[Opening DATA BELOW section]

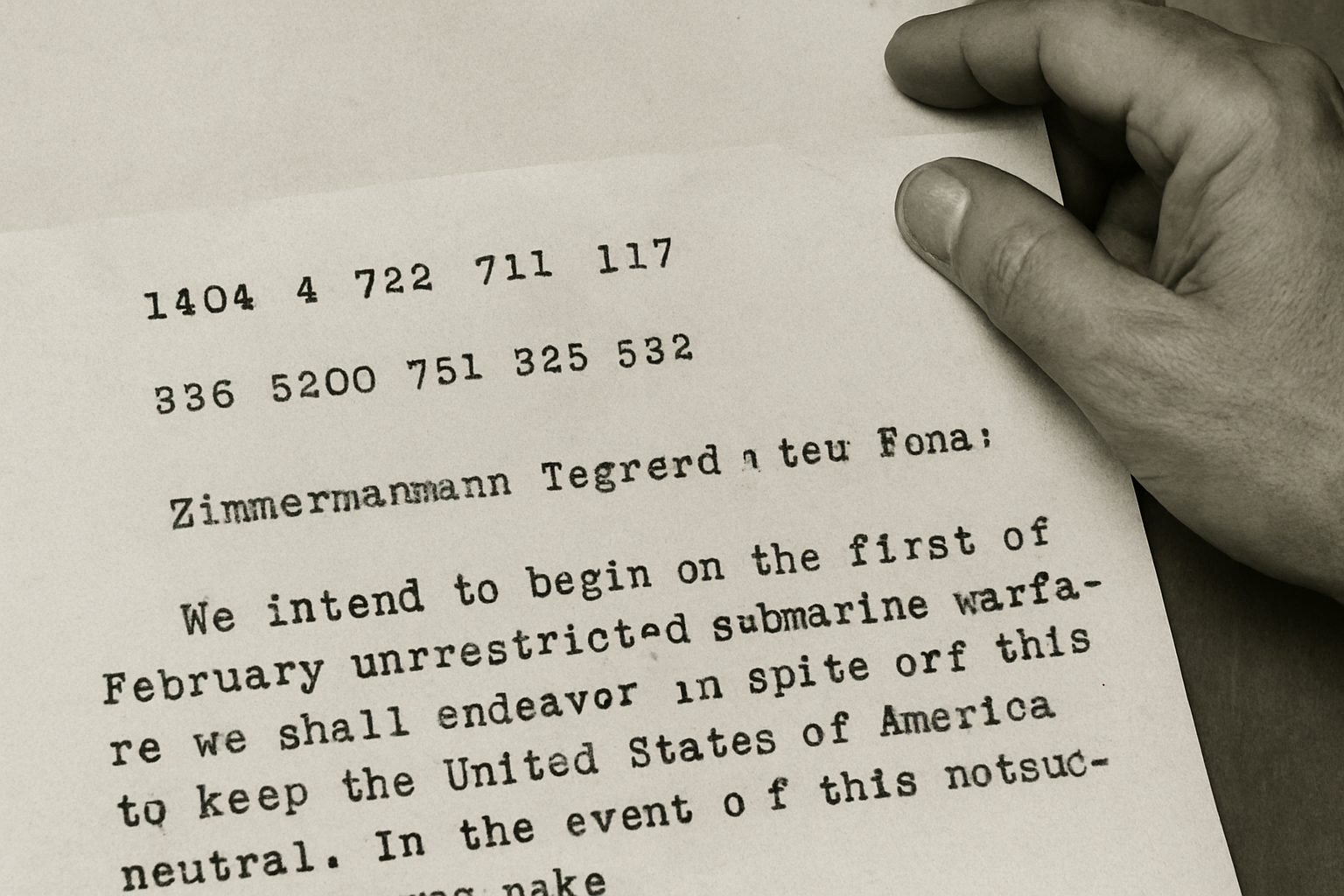 AI-generated historical illustration related to The Zimmermann Telegram: The Message That Helped Push America Into World War I
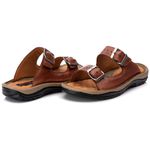 Chinelo Comfort Comfort Masculino em Couro Caramelo 805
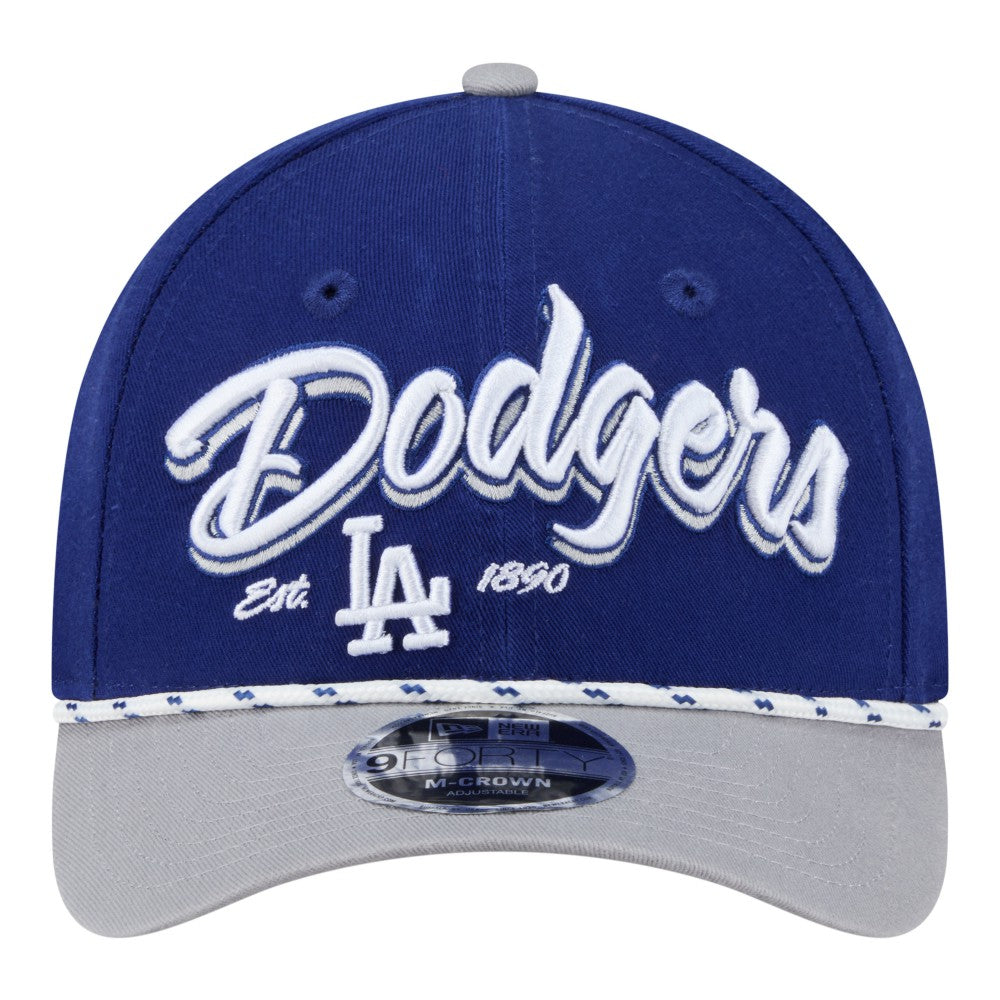Los Angeles Dodgers Team Loyal 9FORTY M-Crown Adjustable Hat - Royal/Gray | New Era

[Closing DATA BELOW section]

--- WORK INSTRUCTION ---
Inclusive range, exact copy: the line containing "Chinelo Comfort Comfort" through the last line of the listing. Print nothing else, and no pictures.

--- EXERCISE ANSWER ---
 Chinelo Comfort Comfort Masculino em Couro Caramelo 805
Los Angeles Dodgers Team Loyal 9FORTY M-Crown Adjustable Hat - Royal/Gray | New Era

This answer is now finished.